## [To do]
Make an exact copy, without pictures, of the lines below from the one containing "Produktbild: head&shoulders CITRUS" to the last line, both ends included.

## [Information]

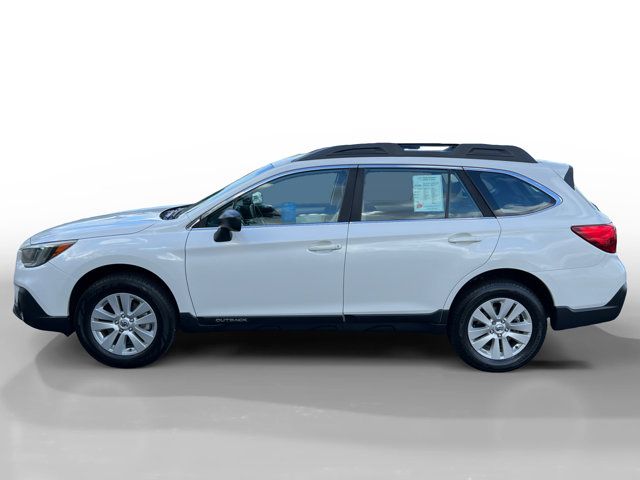 2019 Subaru Outback Base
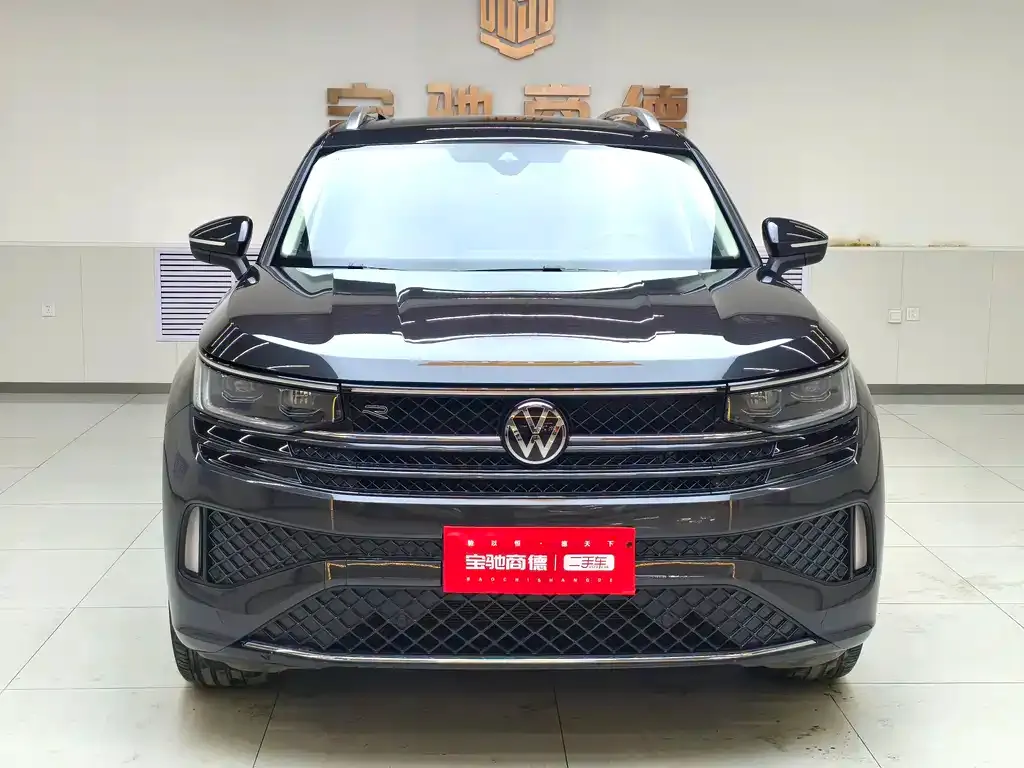 Volkswagen Tavendor 2023 из CN, фото 4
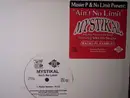 12inch Vinyl Single - Mystikal - Ain't No Limit
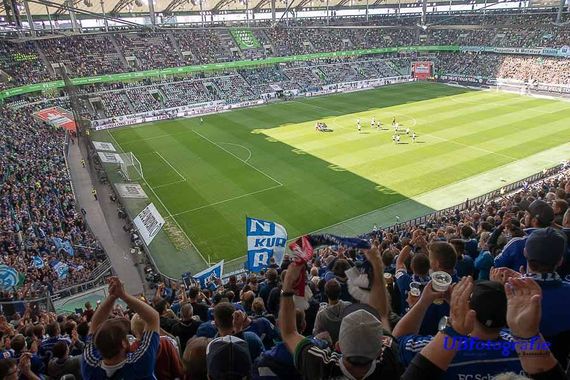 VfL Wolfsburg vs FC Schalke 04 (2-1) (15)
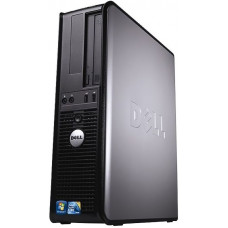 Б/У Компьютер Dell Optiplex 360 DT (E5200/2/160)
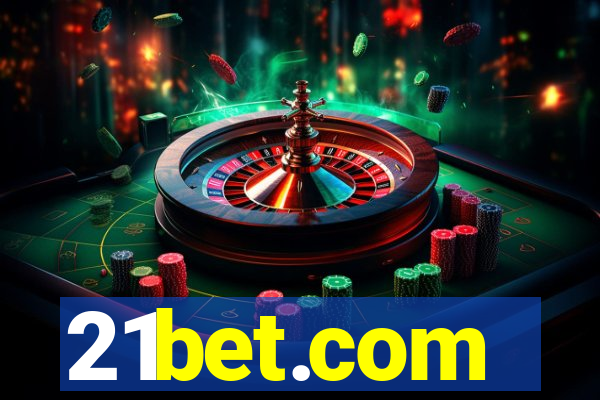 21bet.com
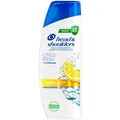 Produktbild: head&shoulders CITRUS FRESH Shampoo 300 ml
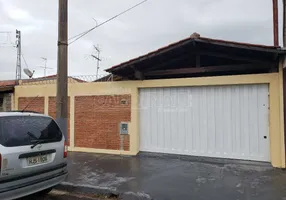 Foto 1 de Casa com 3 Quartos à venda, 150m² em Jardim Beatriz, São Carlos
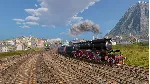 Railway Empire 2 - Journey To The East DLC - STEAM RU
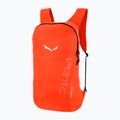 Salewa Ultralight 22 l κόκκινο πορτοκαλί σακίδιο ημέρας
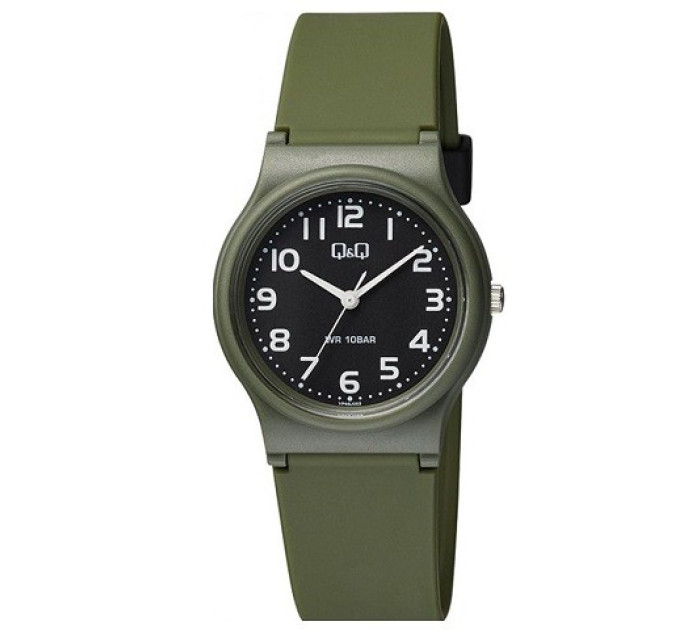 Купити ГОДИННИК Q&Q VP46J053Y ⌚ Наручні годинники на fabrikachasov.com ⭐ Безкоштовна доставка по Україні від 3000 грн ✈ Гарантія ✔ 10.000 моделей. Знижки!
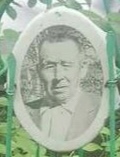 Лузин Иван Яковлевич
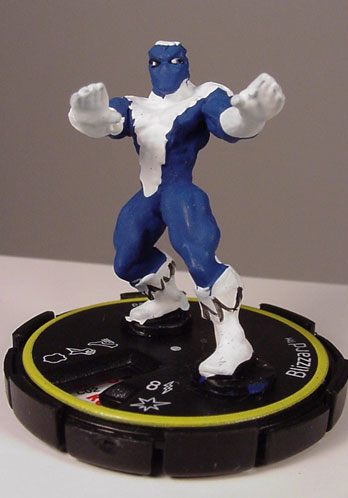 marvel heroclix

## [Answer]
 Produktbild: head&shoulders CITRUS FRESH Shampoo 300 ml
 Foto 1 de Casa com 3 Quartos à venda, 150m² em Jardim Beatriz, São Carlos
 Railway Empire 2 - Journey To The East DLC - STEAM RU
 Salewa Ultralight 22 l κόκκινο πορτοκαλί σακίδιο ημέρας
 Купити ГОДИННИК Q&Q VP46J053Y ⌚ Наручні годинники на fabrikachasov.com ⭐ Безкоштовна доставка по Україні від 3000 грн ✈ Гарантія ✔ 10.000 моделей. Знижки!
 Лузин Иван Яковлевич
 marvel heroclix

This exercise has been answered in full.